Ce faisant le carrefour des écrasés réglait aussi la sourde querelle viaire de l’attribution d’une intersection : ce point exact où se croisent les deux voies est-il du boulevard Montmartre, de la rue Montmartre ou de celle du faubourg-Montmartre ?
Ou, comme l’on disait alors dans les problèmes mathématiques soumis aux élèves perplexes, « si une voiture de 1500 kilogrammes tirée par deux chevaux blancs descendant le boulevard Montmartre à vingt-deux virgule trois kilomètres par heure percute un piéton étourdi venant de la rue du Faubourg-Montmartre et souhaitant se rendre à l’Opéra (sachant qu’il doit y arriver avant dix-huit heures), celui-ci sera-t-il un écrabouillé du faubourg ou un aplati du boulevard ? Vous avez quinze minutes, attention il y a un piège ».
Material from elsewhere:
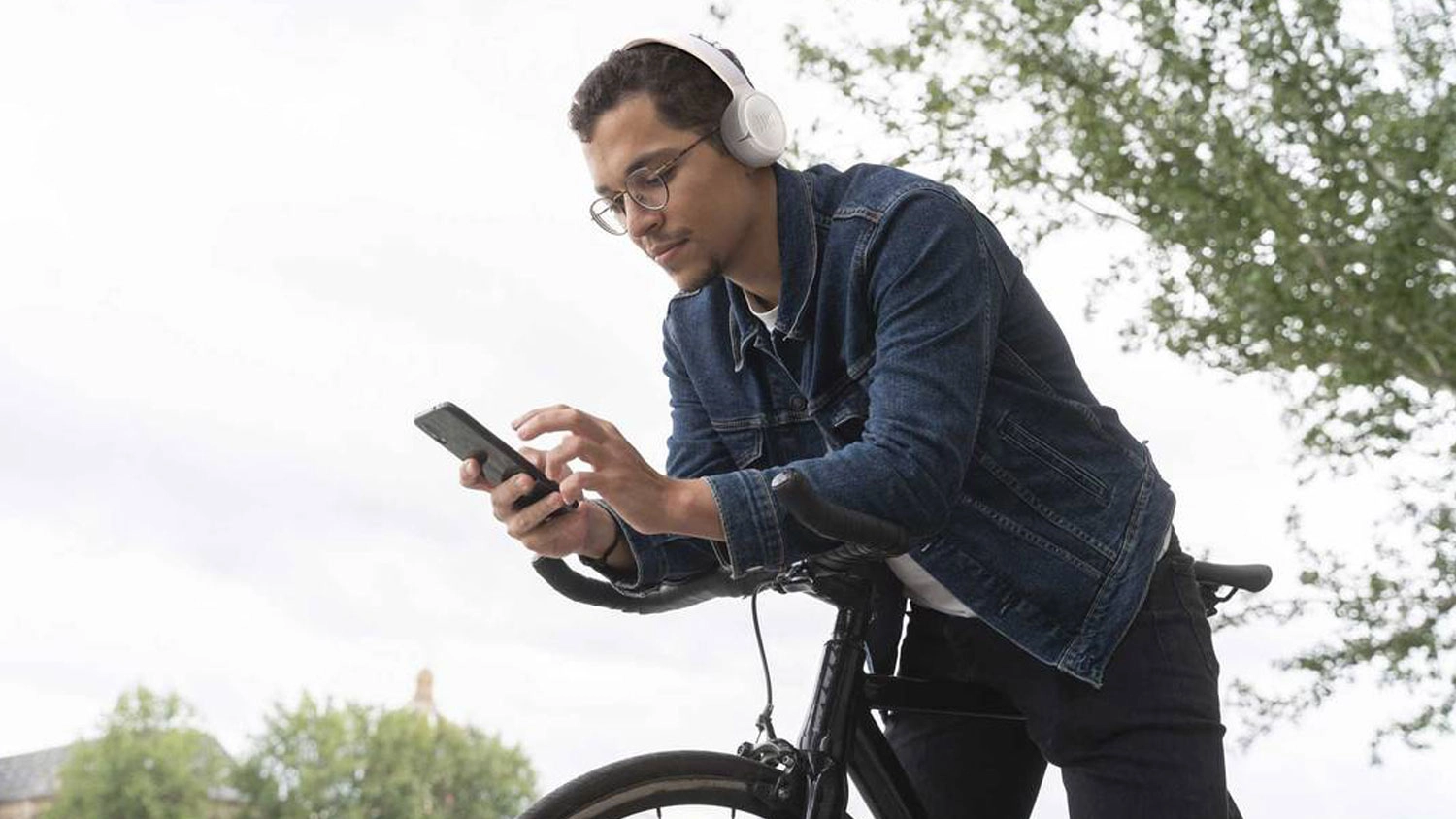 Muž na bicykli so slúchadlami JBL Tune 530BT.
La réponse carrefour des écrasés sauva bien des malins pour lesquels d∩d′={A} ne représentait rien.
L’arrêté du 13 mars 1985 portant création de la Commission d’examen des projets de dénomination des voies, places et espaces verts de la Ville de Paris condamna le beaucoup trop explicite carrefour des écrasés à devenir suranné.
Dans une ville à zones de circulations apaisées qui partage la voirie entre mobilités douces, piétons responsables et automobilistes avenants, comme aime à la rappeler le moderne, ça faisait mauvais genre (le moderne ne se déplace qu’en mobilité douce¹ et a horreur du mauvais genre).